The remarks reflect growing pressure from Europe’s largest economy to soften or revise the plan, highlighting the debate over how to reconcile climate policy with industrial competitiveness.
The commission, the EU’s regulatory arm, is set to unveil its proposal to reform the carbon market in the third quarter of this year. Under the bloc’s revised climate law, the overhaul should give companies in the system more time to decarbonize and slow down the phaseout of free permits to pollute, a demand supported by countries including Germany, Poland and Austria.
“For our industry, this is an enormously important issue,” Austrian Federal Chancellor Christian Stocker told reporters ahead of Thursday’s gathering in Belgium.
While most of allowances in the Emissions Trading System are sold at governments auctions, some companies still get part of their permits for free as protection against carbon leakage, or relocation to regions with laxer climate rules.
Merz’s comments are “the straw that broke the camel’s back,” building on other recent criticism of the EU’s ETS, said Yan Qin, principal analyst at ClearBlue Markets. “Market participants are now weighing the possibilities of political intervention to loosen allowance supply in the next couple of years to avoid EUA price spike and reduce costs on the industry.”

The EU already agreed last year to delay a new carbon market for buildings and road transport amid concerns over rising energy costs and voter backlash. The future of the carbon market is expected to be one of key issues to be raised at the informal meeting of EU leaders in Belgium on Thursday.

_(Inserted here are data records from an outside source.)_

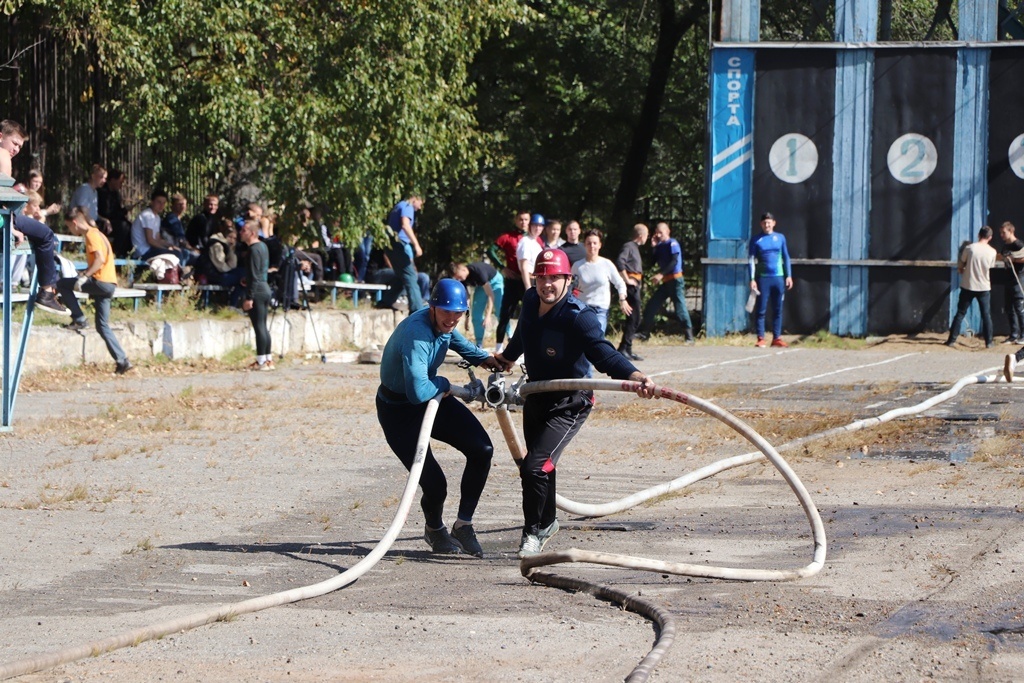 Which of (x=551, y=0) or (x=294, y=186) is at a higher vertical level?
(x=551, y=0)

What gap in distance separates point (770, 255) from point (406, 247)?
5.72 metres

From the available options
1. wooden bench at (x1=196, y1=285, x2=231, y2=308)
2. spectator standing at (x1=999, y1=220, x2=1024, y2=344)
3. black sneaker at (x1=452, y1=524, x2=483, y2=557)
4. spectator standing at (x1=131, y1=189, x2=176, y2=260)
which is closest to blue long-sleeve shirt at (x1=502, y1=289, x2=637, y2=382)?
black sneaker at (x1=452, y1=524, x2=483, y2=557)

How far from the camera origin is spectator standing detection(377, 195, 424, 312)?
20531 millimetres

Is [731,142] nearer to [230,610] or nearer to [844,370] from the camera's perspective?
[844,370]

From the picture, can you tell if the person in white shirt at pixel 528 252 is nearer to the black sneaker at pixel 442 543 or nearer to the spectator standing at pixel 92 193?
the spectator standing at pixel 92 193

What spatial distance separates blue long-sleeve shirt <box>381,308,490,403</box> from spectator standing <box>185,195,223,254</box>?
13765mm

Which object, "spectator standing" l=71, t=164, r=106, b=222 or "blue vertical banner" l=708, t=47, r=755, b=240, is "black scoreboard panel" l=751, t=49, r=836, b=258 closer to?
"blue vertical banner" l=708, t=47, r=755, b=240

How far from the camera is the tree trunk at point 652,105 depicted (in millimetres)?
30047

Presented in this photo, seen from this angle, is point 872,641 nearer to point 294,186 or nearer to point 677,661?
point 677,661

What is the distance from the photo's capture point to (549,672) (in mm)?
5734

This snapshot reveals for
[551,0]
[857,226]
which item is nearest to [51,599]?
[857,226]

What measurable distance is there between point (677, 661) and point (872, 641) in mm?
909

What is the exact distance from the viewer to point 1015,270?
22859mm

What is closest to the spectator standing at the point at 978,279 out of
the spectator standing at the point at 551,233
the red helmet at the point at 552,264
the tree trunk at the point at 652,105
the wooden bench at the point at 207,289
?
the spectator standing at the point at 551,233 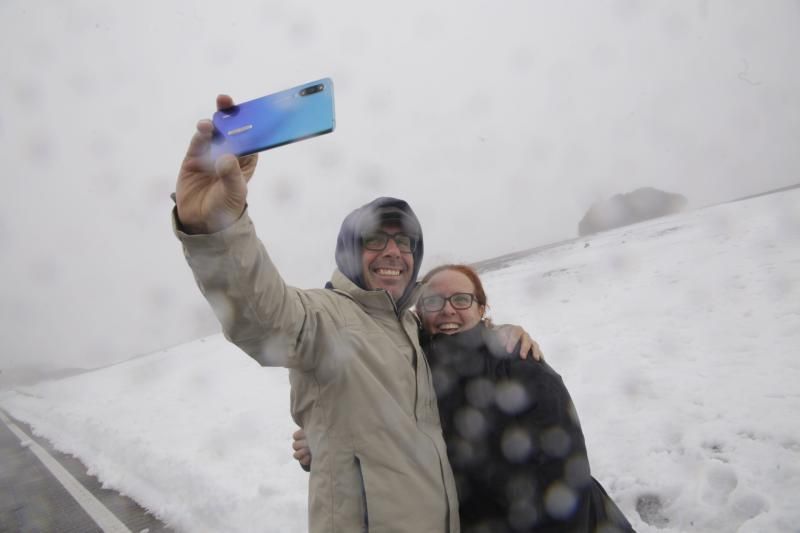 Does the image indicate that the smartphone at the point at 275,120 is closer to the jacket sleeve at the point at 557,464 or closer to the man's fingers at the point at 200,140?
the man's fingers at the point at 200,140

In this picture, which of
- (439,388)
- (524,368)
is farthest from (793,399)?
(439,388)

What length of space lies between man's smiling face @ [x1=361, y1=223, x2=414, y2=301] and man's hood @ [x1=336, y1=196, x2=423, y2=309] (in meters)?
0.03

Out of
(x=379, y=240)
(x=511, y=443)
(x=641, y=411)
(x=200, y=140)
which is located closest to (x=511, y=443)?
(x=511, y=443)

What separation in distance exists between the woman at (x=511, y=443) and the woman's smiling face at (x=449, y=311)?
0.41 ft

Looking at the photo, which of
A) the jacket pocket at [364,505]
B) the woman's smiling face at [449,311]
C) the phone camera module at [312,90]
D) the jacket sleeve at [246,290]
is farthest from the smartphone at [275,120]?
the jacket pocket at [364,505]

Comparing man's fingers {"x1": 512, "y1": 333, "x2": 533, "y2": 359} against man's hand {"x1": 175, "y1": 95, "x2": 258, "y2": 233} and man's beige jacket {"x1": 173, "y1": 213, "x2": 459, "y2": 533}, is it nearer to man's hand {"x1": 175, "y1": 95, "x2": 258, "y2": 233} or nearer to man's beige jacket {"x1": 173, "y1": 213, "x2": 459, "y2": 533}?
man's beige jacket {"x1": 173, "y1": 213, "x2": 459, "y2": 533}

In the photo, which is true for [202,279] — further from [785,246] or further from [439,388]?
[785,246]

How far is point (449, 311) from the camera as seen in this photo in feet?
7.56

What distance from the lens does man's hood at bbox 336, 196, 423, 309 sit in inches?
79.5

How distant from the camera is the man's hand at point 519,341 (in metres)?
2.01

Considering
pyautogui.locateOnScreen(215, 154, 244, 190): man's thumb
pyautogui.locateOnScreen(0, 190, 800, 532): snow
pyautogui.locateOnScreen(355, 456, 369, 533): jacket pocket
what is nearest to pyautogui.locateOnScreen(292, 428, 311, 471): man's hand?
pyautogui.locateOnScreen(355, 456, 369, 533): jacket pocket

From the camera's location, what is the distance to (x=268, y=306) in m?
1.45

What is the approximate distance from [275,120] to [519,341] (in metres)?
1.55

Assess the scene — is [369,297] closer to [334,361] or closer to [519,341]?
[334,361] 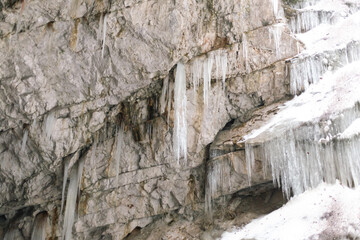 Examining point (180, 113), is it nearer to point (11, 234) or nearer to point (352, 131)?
point (352, 131)

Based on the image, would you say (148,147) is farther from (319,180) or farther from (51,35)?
(319,180)

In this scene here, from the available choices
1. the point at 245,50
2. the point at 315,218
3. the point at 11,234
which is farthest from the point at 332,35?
the point at 11,234

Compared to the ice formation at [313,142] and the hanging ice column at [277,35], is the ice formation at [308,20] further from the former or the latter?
the ice formation at [313,142]

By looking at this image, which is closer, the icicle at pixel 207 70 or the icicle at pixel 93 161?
the icicle at pixel 207 70

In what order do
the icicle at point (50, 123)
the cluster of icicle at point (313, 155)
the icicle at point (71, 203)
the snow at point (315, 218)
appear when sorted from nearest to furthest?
the snow at point (315, 218) → the cluster of icicle at point (313, 155) → the icicle at point (50, 123) → the icicle at point (71, 203)

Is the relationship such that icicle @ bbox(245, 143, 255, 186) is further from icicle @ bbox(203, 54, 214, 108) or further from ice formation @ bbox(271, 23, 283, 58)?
ice formation @ bbox(271, 23, 283, 58)

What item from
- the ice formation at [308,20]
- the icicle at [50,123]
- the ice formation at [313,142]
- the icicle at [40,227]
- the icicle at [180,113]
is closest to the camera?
the ice formation at [313,142]

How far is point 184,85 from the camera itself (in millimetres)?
10125

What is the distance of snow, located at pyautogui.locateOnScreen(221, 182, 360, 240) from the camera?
24.0 feet

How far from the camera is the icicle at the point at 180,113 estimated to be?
10.0m

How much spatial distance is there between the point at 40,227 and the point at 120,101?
596 centimetres

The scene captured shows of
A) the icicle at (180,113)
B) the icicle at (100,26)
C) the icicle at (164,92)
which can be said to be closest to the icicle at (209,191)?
→ the icicle at (180,113)

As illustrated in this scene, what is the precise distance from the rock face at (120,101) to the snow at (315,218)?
141cm

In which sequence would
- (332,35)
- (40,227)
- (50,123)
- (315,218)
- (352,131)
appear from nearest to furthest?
(315,218) → (352,131) → (50,123) → (332,35) → (40,227)
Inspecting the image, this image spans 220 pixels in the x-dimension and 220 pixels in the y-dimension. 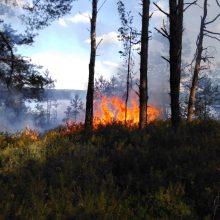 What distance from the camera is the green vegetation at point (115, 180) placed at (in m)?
5.69

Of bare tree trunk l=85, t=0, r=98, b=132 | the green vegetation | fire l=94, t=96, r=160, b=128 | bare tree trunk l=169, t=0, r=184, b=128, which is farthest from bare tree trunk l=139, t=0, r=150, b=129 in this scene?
the green vegetation

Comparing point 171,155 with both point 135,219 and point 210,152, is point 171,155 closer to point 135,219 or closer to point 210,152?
point 210,152

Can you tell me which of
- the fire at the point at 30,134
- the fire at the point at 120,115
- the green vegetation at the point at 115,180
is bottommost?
the green vegetation at the point at 115,180

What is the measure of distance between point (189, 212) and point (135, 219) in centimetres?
95

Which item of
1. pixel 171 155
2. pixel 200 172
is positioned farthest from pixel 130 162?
pixel 200 172

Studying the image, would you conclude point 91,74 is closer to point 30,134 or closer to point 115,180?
point 30,134

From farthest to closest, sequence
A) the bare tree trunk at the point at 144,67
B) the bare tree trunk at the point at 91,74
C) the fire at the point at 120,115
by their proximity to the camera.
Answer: the fire at the point at 120,115
the bare tree trunk at the point at 91,74
the bare tree trunk at the point at 144,67

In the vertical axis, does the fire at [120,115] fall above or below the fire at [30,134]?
above

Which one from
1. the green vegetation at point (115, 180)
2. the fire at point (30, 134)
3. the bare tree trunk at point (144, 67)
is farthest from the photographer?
the bare tree trunk at point (144, 67)

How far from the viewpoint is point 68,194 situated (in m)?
6.15

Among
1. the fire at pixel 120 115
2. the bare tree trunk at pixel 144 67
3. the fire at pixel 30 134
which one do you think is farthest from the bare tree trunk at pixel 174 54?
the fire at pixel 30 134

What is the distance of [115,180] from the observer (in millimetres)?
7156

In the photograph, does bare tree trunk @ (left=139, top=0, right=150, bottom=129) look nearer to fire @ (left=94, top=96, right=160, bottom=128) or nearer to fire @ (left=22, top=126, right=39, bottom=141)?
fire @ (left=94, top=96, right=160, bottom=128)

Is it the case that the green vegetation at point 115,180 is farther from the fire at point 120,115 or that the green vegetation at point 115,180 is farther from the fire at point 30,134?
the fire at point 120,115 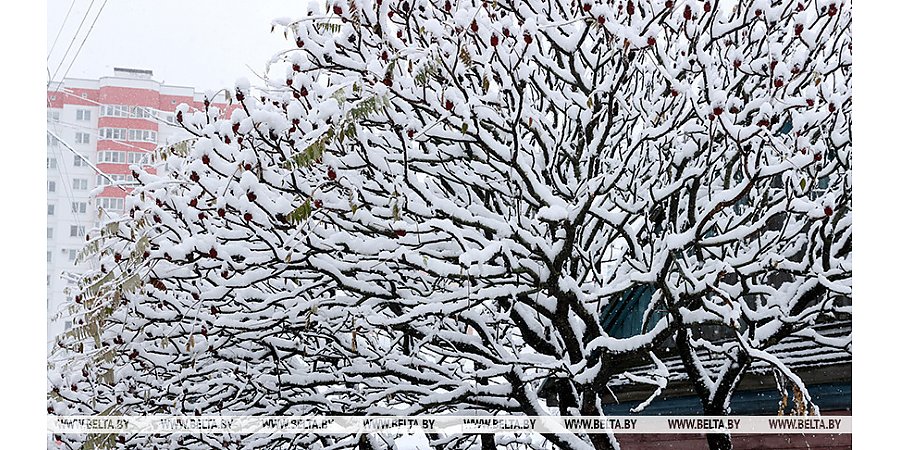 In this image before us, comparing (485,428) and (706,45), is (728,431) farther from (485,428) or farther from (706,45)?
(706,45)

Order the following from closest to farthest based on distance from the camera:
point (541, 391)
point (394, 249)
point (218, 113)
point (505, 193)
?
point (394, 249) → point (505, 193) → point (218, 113) → point (541, 391)

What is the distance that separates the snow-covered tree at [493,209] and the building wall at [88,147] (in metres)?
0.11

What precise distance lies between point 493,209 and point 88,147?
114 centimetres

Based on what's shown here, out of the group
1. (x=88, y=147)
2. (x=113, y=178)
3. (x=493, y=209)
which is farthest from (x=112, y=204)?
(x=493, y=209)

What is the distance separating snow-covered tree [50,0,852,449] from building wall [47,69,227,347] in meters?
0.11

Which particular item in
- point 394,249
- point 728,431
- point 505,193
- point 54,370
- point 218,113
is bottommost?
point 728,431

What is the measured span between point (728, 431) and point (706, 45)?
3.56 feet

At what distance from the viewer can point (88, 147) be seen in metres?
2.51

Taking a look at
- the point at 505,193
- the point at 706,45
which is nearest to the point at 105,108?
the point at 505,193

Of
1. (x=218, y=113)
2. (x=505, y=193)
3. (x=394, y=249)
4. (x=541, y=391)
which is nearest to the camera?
(x=394, y=249)

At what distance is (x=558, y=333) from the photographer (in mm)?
2658

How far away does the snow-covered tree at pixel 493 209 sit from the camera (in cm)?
214

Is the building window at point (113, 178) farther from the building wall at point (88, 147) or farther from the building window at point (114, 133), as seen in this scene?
the building window at point (114, 133)

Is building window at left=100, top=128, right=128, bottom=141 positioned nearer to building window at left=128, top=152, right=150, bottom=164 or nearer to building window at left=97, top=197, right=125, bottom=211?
building window at left=128, top=152, right=150, bottom=164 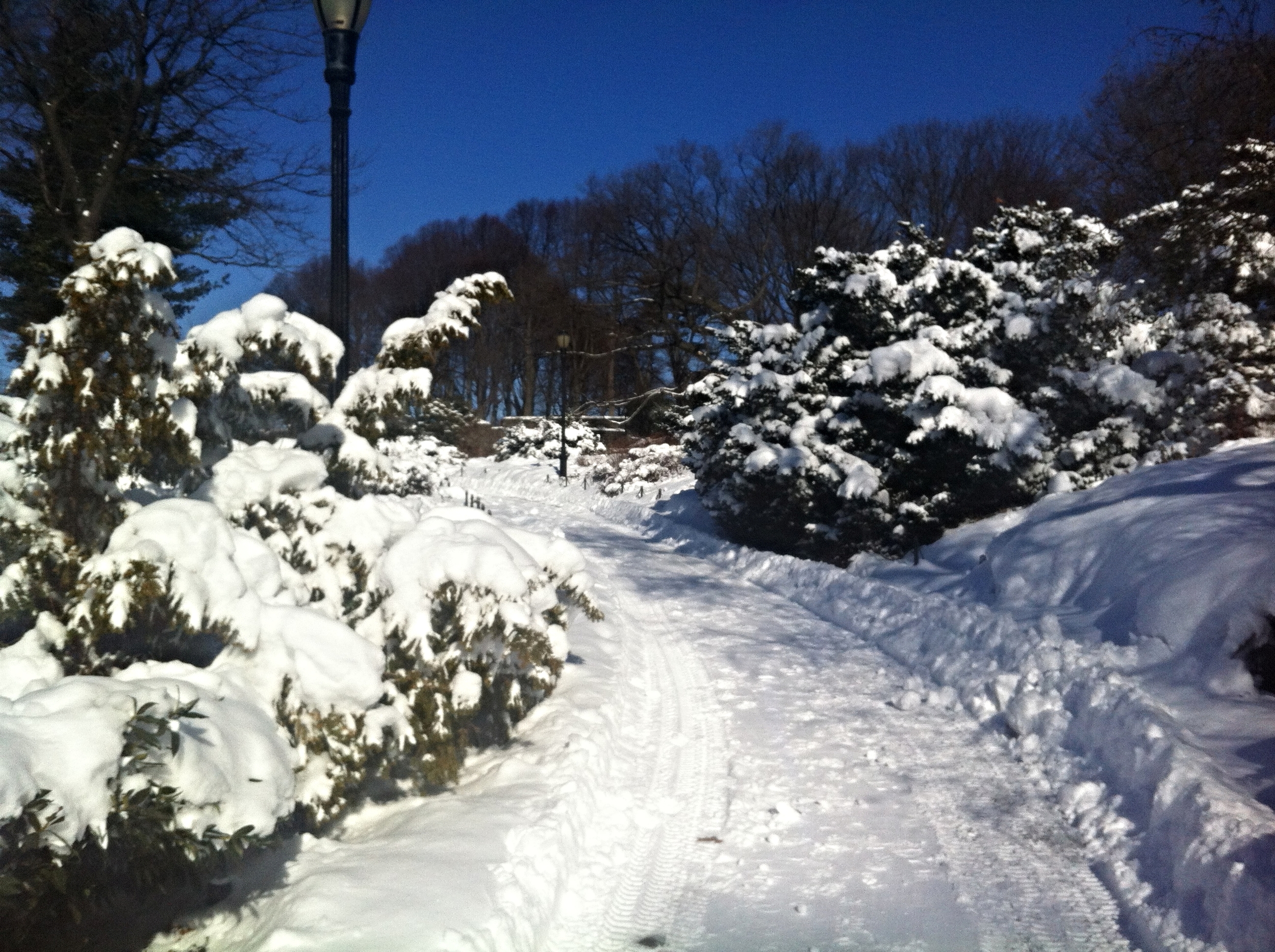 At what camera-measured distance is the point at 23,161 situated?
7949 mm

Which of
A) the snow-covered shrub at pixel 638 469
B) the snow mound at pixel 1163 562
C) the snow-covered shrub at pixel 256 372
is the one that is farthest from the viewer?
the snow-covered shrub at pixel 638 469

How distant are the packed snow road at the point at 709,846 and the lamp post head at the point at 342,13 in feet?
13.9

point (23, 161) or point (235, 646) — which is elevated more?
point (23, 161)

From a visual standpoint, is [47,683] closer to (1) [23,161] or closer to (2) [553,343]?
(1) [23,161]

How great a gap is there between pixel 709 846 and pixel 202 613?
104 inches

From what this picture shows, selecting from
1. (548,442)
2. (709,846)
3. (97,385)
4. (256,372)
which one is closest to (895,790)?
(709,846)

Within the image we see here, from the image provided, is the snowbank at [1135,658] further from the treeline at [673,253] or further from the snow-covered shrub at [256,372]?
the treeline at [673,253]

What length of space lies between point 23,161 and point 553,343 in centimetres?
3087

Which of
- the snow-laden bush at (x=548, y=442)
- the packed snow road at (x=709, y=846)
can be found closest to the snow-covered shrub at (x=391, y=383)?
the packed snow road at (x=709, y=846)

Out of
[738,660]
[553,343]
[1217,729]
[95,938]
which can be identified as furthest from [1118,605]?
[553,343]

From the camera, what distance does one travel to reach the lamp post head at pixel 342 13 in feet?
17.4

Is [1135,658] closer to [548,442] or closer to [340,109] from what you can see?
[340,109]

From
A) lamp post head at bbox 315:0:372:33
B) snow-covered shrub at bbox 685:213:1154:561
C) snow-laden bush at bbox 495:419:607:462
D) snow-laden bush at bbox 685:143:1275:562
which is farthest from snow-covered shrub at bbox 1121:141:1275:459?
snow-laden bush at bbox 495:419:607:462

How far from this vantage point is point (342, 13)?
5.36 metres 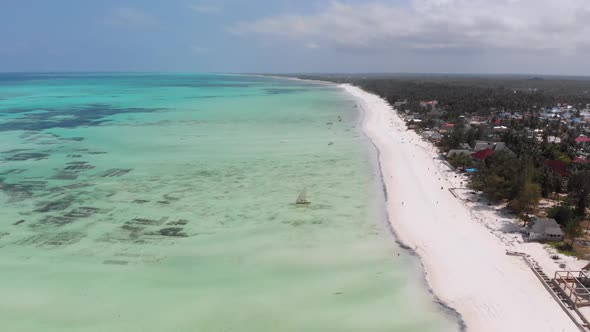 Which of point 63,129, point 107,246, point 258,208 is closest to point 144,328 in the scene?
point 107,246

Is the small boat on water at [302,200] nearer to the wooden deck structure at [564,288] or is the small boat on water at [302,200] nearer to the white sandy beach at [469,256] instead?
the white sandy beach at [469,256]

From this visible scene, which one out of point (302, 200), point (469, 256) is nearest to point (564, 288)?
point (469, 256)

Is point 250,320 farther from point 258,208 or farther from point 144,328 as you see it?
point 258,208

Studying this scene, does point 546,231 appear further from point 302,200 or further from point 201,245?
point 201,245

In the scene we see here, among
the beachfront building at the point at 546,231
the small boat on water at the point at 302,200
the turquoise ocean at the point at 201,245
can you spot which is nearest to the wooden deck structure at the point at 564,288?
the beachfront building at the point at 546,231

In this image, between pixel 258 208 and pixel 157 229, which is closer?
pixel 157 229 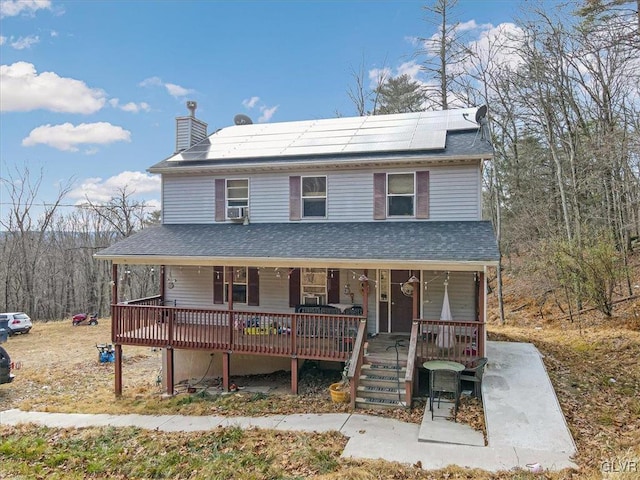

Ahead of that meeting, Czech Prime Minister Andrej Babis said that the price to emit one metric ton of CO2 should be no more than €30 — less than half of current levels. With 80% of allowances subject to “fervent” market speculation, profits from those trades are being made in the US and the UK, not the EU, he added.
Lowering permit prices is the only way “we can save our industry immediately,” Babis said.
Still, Merz’s comment have surprised some market watchers.
“It seems all but impossible to enact an immediate ‘delay’ or ‘suspension’ of ETS,” said Anders Nordeng, carbon market analyst at Veyt. “Has he misunderstood how ETS works or, more generally, how quickly EU policy instruments can be changed/scrapped? Or is it political posturing rather than actually trying to bring about a change?”
The sharp fall in carbon prices spilled over into German power markets, where wholesale prices for next month dropped as much as 2.4% before paring some losses. The country relies on fossil fuels during periods of low renewable output, making power prices more sensitive to CO2 costs as utilities must buy emissions certificates whenever such plants are running.